**Assignment:**
Below is a listing; transcribe it exactly but without any images.

**Dataset content:**
----

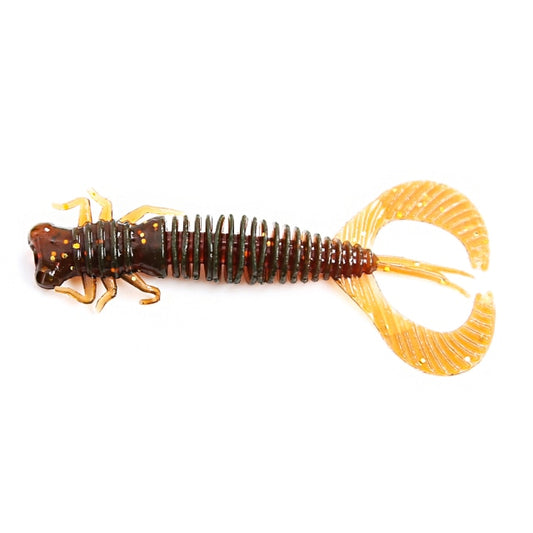 U  Larva Soft Fishing Lures   Artificial Lures  Wobblers  Swimbait Jigging Plastic Baits Worm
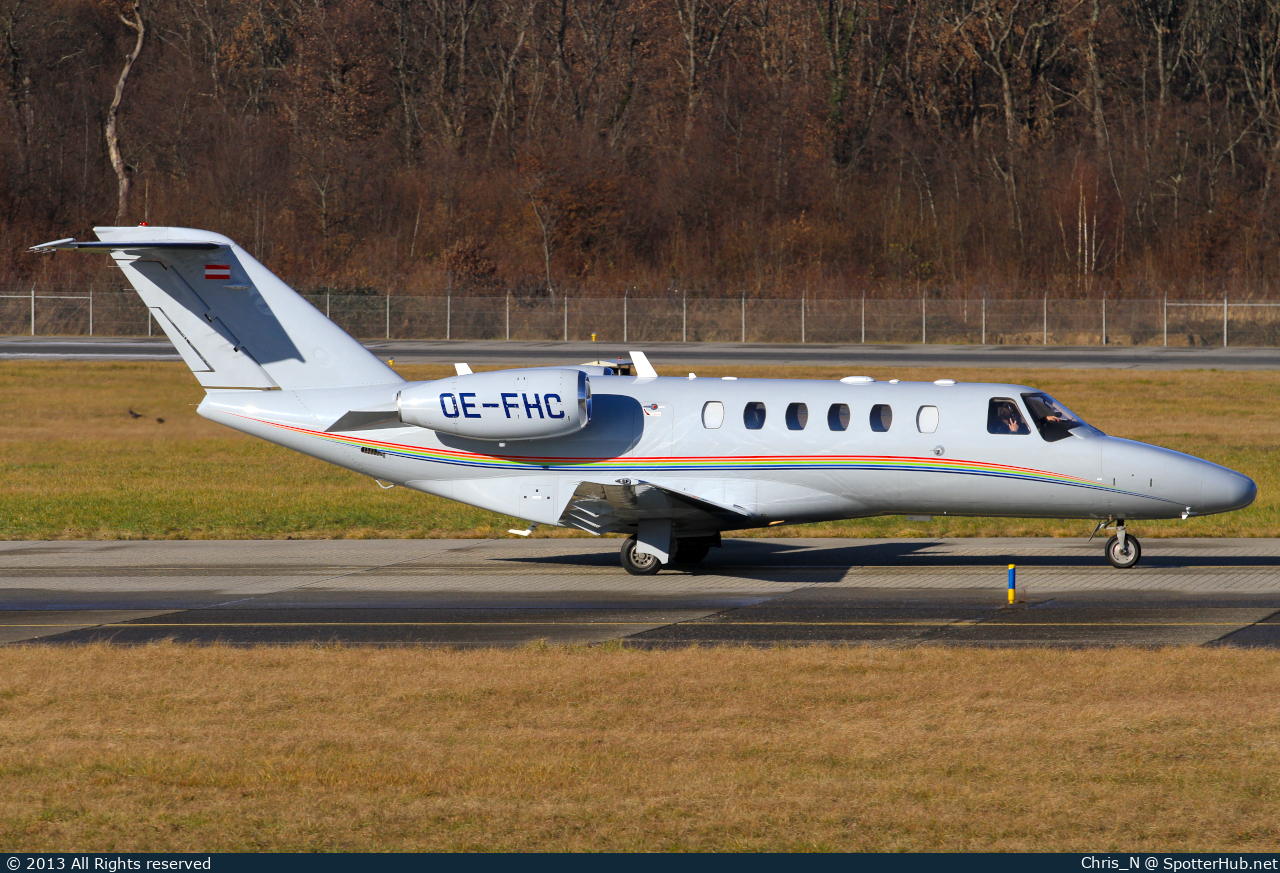 Photo of OE-FHC - Cessna 525A CitationJet CJ2+ operated by Avcon Jet
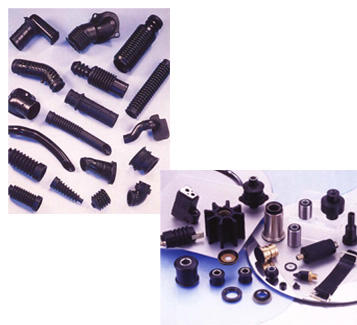 Motor and Machine Rubber Parts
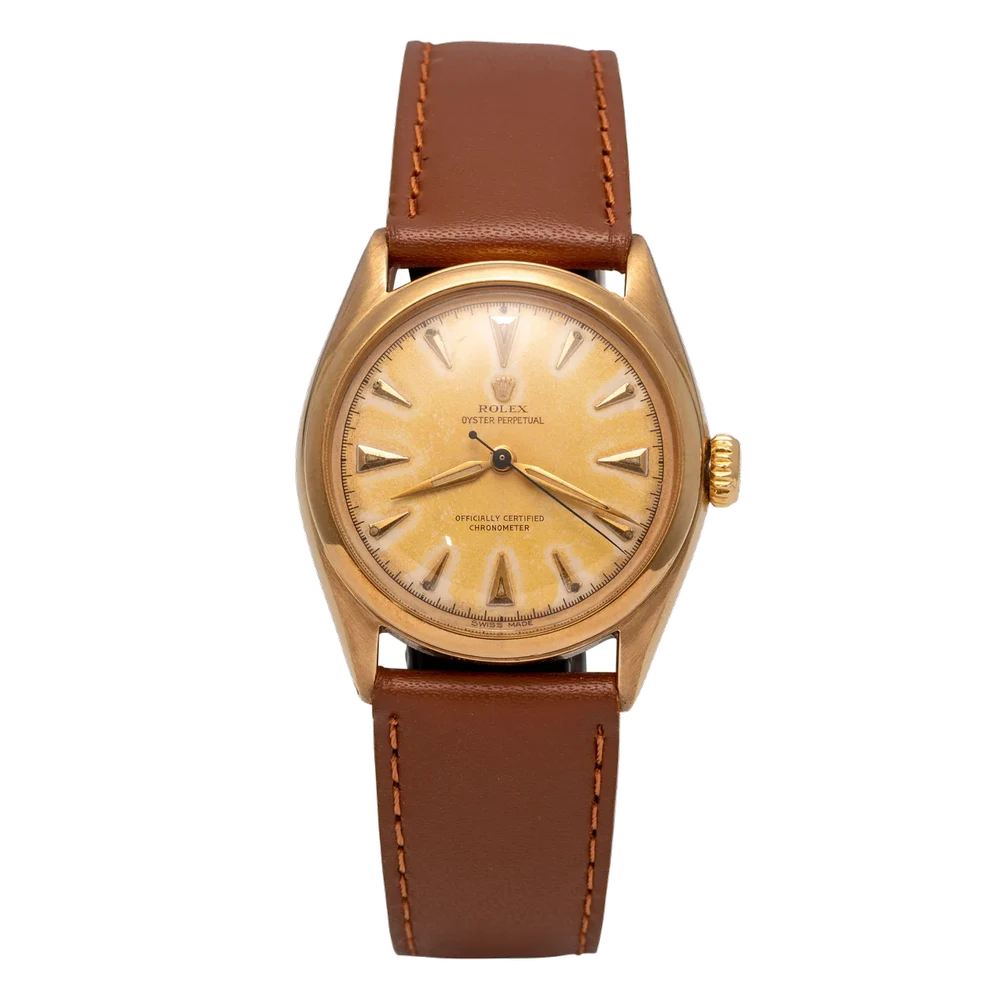 Rolex ROLEX REF. 6084 TROPICAL DIAL kol saati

----

**Solved problem:**
 U  Larva Soft Fishing Lures   Artificial Lures  Wobblers  Swimbait Jigging Plastic Baits Worm
 Photo of OE-FHC - Cessna 525A CitationJet CJ2+ operated by Avcon Jet
 Motor and Machine Rubber Parts
 Rolex ROLEX REF. 6084 TROPICAL DIAL kol saati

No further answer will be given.